The latest monthly GDP figures make for grim reading.
The quarterly growth into April was 0.3 per cent, down from 0.5 per cent in March. Monthly GDP figures suggest a decline of 0.4% into April, following a decline of 0.1% in March.
Monthly figures are notoriously erratic and some of the change might be a one-off, but the overall picture is of growth evaporating across the board. The chart below of contributions to GDP growth shows even the service sector seemingly grinding to a halt.
The biggest decline is in the manufacturing sector (the yellow column). Accounting for the whole of the GVA decline on the month, manufacturing actually fell by 3.9%. In month-on-month terms this is the largest decline since 2002, when the figures were distorted by factory shutdowns over the Queens Golden Jubilee celebrations.

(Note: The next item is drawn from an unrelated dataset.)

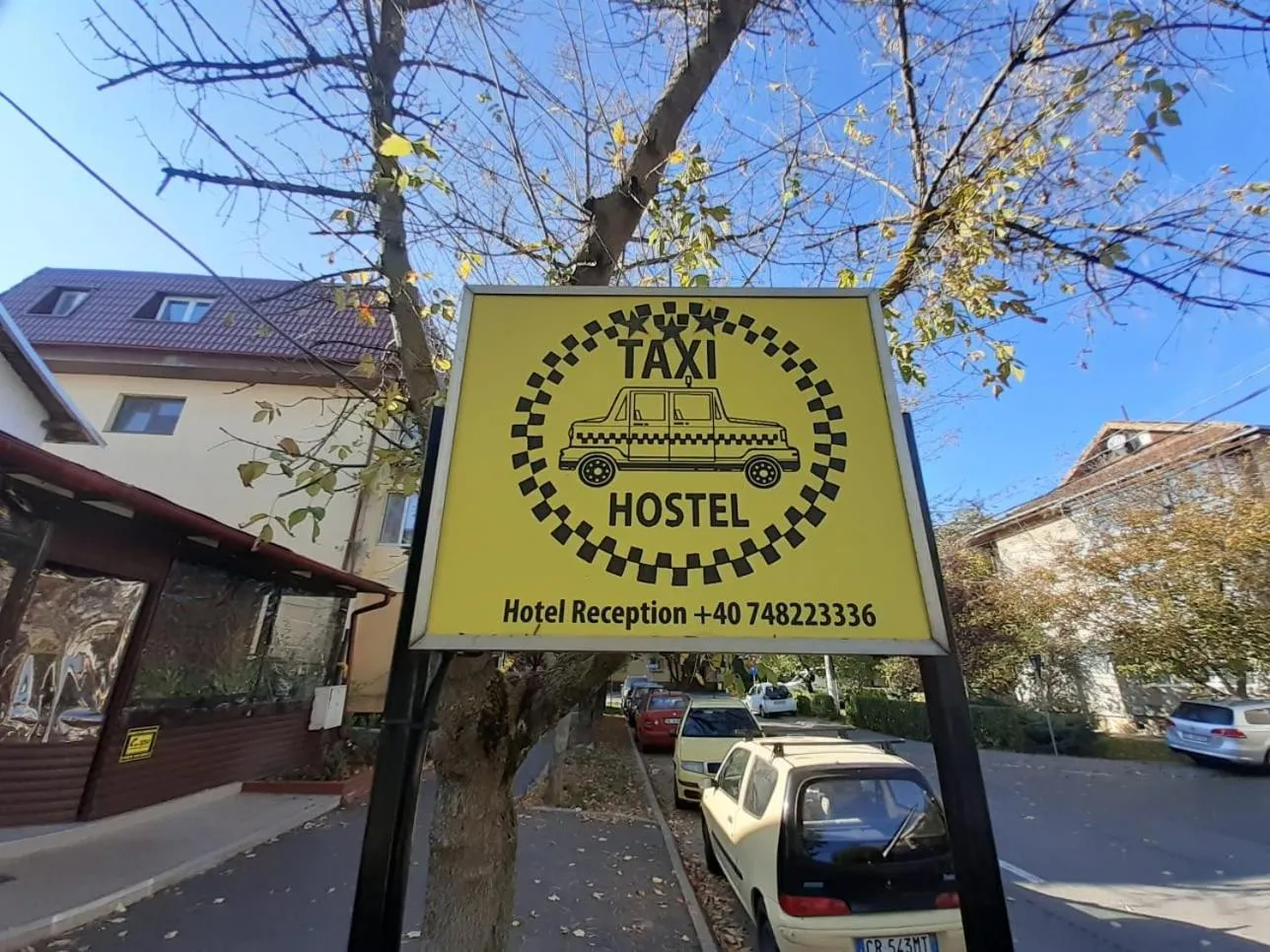 Property logo or sign in Taxi Hostel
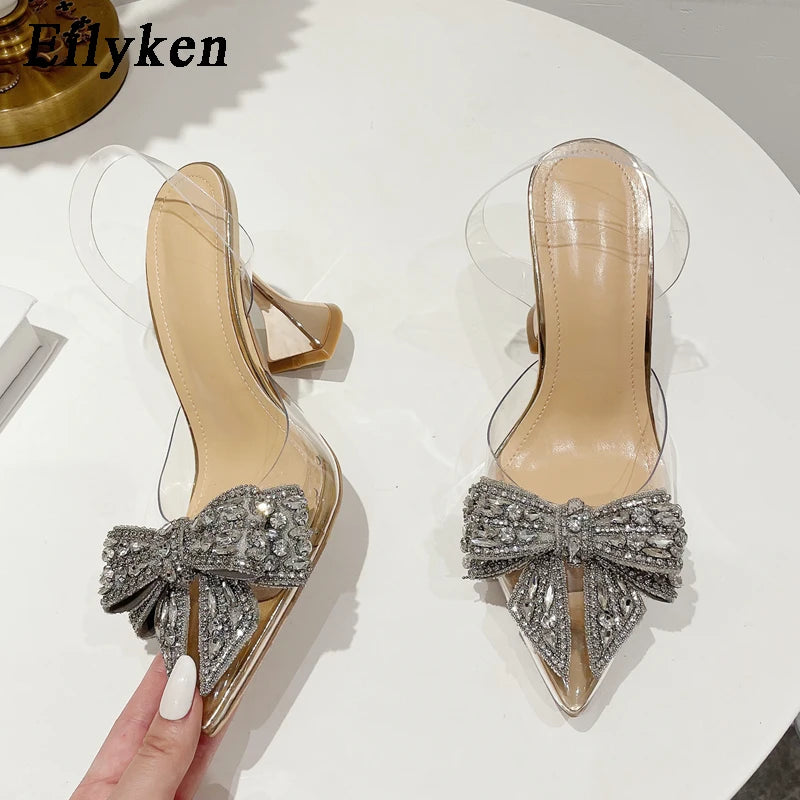 Eilyken Fashion Crystal Sequined Bowknot Women Pumps Sexy Pointed Toe High Heels PVC Transparent Sandals Wedding Prom Shoes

Accounting for half of manufacturing’s monthly decline is motor vehicle production:
ONS see the figures driven by shutdowns and wider demand weakness:
“…the dramatic fall in car production, with uncertainty ahead of the UK’s original EU departure date leading to planned shutdowns...weak domestic sales and a gradual decline in export sales in this industry, since a peak in October … with anecdotal evidence from respondents confirming weakening domestic and global demand."
The shutdown means that some of the decline is temporary. But there are wider factors in play.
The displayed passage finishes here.